Baked cookies can be stored on the counter or in a cool spot for up to two weeks in a tightly sealed container. They freeze well and will keep for a month in the freezer.
Looking for more classic cookie recipes, like the kind you’d find in mom’s recipe box? Try:
- Cream Cheese Spritz Cookies for Christmas
- Whole Wheat Chewy Oatmeal Raisin Cookies
- Sand Tart Cookies (Slice & Bake Buttery Sugar Cookies)
- Windmill Cookies aka Speculoos Cookies (nut free option)
- The Best Gingersnaps
- The Best Rice Krispies Treats
- Chewy Chocolate Chip Cookies
- Snickerdoodle Recipe (THE BEST Snickerdoodles)
- The BEST Slice and Bake Cookies (10 recipes!)
- 4 cups flour
- 2 teaspoons baking powder
- 1/4 teaspoon baking soda
- 1/2 teaspoon salt
- 1/4 teaspoon nutmeg (I use freshly grated)
- 1 cup (2 sticks) unsalted butter, softened
- 2 cups sugar
- 2 large eggs
- 1/4 cup milk
- 1 teaspoon pure vanilla extract
- 1/2 teaspoon lemon extract
- Milk and colored sugar, if desired (see note)
- Combine flour, baking powder, baking soda, salt and nutmeg in a bowl.
- In a separate bowl, combine butter and sugar until light and fluffy. Add eggs, vanilla extract and lemon extract, and beat until combined. Add milk and flour mixture alternately, mixing after each addition, until combined.

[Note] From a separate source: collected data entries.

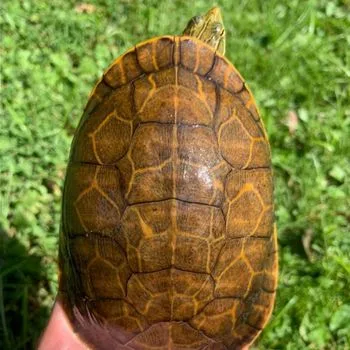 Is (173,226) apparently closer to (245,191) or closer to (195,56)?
(245,191)

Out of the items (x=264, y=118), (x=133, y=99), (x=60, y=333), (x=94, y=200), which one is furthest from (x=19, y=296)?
(x=264, y=118)

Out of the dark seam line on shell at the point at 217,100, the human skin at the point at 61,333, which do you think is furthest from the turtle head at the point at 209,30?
the human skin at the point at 61,333

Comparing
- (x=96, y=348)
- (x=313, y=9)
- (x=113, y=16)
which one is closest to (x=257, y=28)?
(x=313, y=9)

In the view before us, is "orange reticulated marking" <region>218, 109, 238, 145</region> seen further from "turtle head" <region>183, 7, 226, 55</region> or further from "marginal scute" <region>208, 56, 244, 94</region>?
"turtle head" <region>183, 7, 226, 55</region>

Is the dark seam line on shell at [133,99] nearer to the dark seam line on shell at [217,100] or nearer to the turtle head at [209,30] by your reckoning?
the dark seam line on shell at [217,100]

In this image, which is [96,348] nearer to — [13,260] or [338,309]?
[13,260]

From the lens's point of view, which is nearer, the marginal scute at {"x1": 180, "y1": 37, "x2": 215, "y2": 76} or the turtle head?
the marginal scute at {"x1": 180, "y1": 37, "x2": 215, "y2": 76}

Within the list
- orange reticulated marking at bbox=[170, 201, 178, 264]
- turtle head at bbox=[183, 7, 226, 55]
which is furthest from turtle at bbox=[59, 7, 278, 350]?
turtle head at bbox=[183, 7, 226, 55] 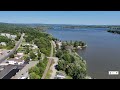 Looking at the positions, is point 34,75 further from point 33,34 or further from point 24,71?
point 33,34

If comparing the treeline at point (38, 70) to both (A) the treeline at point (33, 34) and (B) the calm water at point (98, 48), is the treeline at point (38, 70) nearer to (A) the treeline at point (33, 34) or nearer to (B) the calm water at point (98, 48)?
(A) the treeline at point (33, 34)

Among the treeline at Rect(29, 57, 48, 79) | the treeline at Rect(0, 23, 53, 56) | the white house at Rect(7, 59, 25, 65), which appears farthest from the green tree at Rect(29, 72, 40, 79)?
the treeline at Rect(0, 23, 53, 56)

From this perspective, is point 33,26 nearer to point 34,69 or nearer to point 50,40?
point 50,40

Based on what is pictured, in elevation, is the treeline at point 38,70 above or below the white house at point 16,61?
below

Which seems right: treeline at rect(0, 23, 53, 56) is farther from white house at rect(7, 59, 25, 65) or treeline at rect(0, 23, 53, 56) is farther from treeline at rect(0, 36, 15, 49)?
white house at rect(7, 59, 25, 65)

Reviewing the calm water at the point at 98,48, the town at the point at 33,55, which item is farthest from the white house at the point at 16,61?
the calm water at the point at 98,48

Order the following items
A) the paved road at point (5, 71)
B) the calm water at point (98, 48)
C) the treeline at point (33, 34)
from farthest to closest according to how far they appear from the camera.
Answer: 1. the treeline at point (33, 34)
2. the calm water at point (98, 48)
3. the paved road at point (5, 71)

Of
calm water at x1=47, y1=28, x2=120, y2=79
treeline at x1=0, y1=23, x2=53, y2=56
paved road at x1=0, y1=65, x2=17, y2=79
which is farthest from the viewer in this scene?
treeline at x1=0, y1=23, x2=53, y2=56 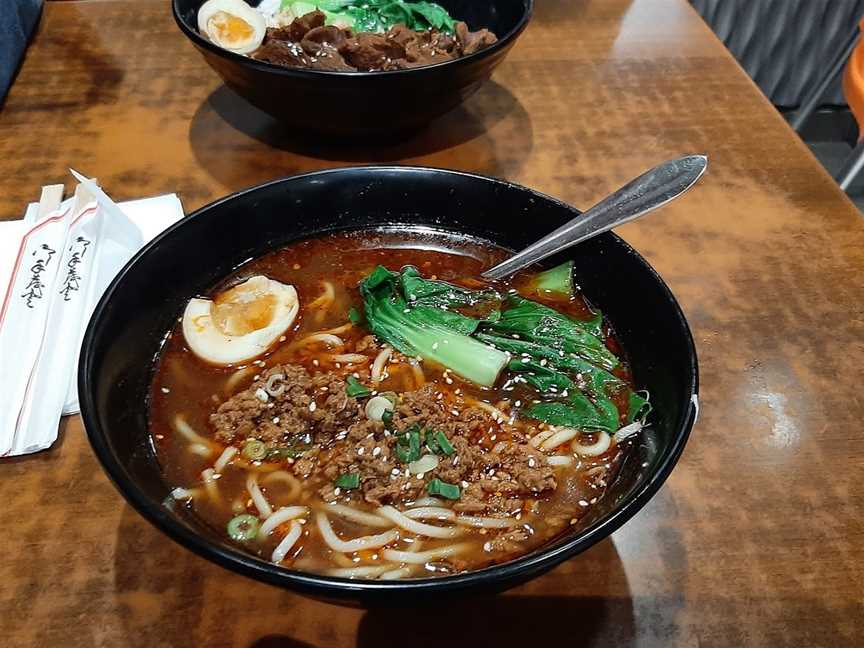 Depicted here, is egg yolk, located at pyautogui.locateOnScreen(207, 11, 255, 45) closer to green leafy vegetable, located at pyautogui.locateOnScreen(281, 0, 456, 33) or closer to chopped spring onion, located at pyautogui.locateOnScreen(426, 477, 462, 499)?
green leafy vegetable, located at pyautogui.locateOnScreen(281, 0, 456, 33)

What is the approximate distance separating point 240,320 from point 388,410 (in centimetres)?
38

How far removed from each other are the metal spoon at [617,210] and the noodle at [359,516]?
0.60 m

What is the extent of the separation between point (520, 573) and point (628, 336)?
61 centimetres

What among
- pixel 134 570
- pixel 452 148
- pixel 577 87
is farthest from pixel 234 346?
pixel 577 87

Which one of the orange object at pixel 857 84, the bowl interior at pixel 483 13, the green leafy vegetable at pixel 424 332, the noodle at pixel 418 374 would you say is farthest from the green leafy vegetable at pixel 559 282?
the orange object at pixel 857 84

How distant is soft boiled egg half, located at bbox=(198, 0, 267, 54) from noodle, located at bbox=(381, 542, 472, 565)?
1.71 meters

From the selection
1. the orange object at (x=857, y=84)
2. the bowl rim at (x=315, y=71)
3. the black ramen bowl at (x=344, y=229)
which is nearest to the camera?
the black ramen bowl at (x=344, y=229)

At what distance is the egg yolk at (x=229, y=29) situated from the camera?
6.99 ft

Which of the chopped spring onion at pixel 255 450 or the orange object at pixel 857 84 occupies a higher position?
the orange object at pixel 857 84

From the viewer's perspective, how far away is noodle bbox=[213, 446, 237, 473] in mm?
1134

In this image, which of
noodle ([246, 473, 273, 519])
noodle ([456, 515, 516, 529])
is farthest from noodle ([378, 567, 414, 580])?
noodle ([246, 473, 273, 519])

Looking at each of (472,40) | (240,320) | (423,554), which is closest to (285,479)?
(423,554)

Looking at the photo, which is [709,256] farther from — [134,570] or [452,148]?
[134,570]

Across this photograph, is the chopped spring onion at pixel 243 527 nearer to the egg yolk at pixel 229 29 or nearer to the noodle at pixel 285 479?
the noodle at pixel 285 479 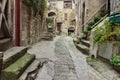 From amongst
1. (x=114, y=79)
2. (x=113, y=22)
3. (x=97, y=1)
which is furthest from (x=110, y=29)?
(x=97, y=1)

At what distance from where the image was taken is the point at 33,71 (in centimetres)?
545

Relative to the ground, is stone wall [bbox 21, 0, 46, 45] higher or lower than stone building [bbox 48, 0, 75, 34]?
lower

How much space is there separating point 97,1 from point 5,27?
9101 millimetres

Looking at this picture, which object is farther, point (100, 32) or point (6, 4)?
point (100, 32)

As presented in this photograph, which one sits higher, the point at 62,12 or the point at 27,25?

- Divide dough into 2 disks, wrap in plastic wrap and chill at least 30 minutes, preferably overnight.
- To bake, preheat oven to 350°F.
- Roll one half of dough out on a well floured board or counter. For crisp cookies, roll to about ⅛ inch and for softer cookies, roll to about ¼ inch. Cut desired shapes with floured cookie cutter. Transfer to cookie sheet, leaving at least one inch between cookies.
- Bake for 6-7 minutes, or until lightly browned on the bottom. Remove from cookie sheet and cool completely on wire rack.
- Decorate as desired (see note).
- If you prefer not to frost cookies, make them sparkle with sugar. Before baking, lightly brush the cookies with milk and sprinkle with your choice of colored sugar. White sugar is pretty, too.
- The colder the dough, the easier it is to roll out. I usually divide the dough in half and leave half in the fridge while I cut out the other half.
- Yield depends on the size of the cookie cutters you choose. Nutrition is calculated on a yield of 5 dozen, 2 cookies per serving.
This website provides approximate nutrition information for convenience and as a courtesy only. Nutrition data is gathered primarily from the USDA Food Composition Database, whenever available, or otherwise other online calculators.
This post was updated slightly and edited 12/18/2020.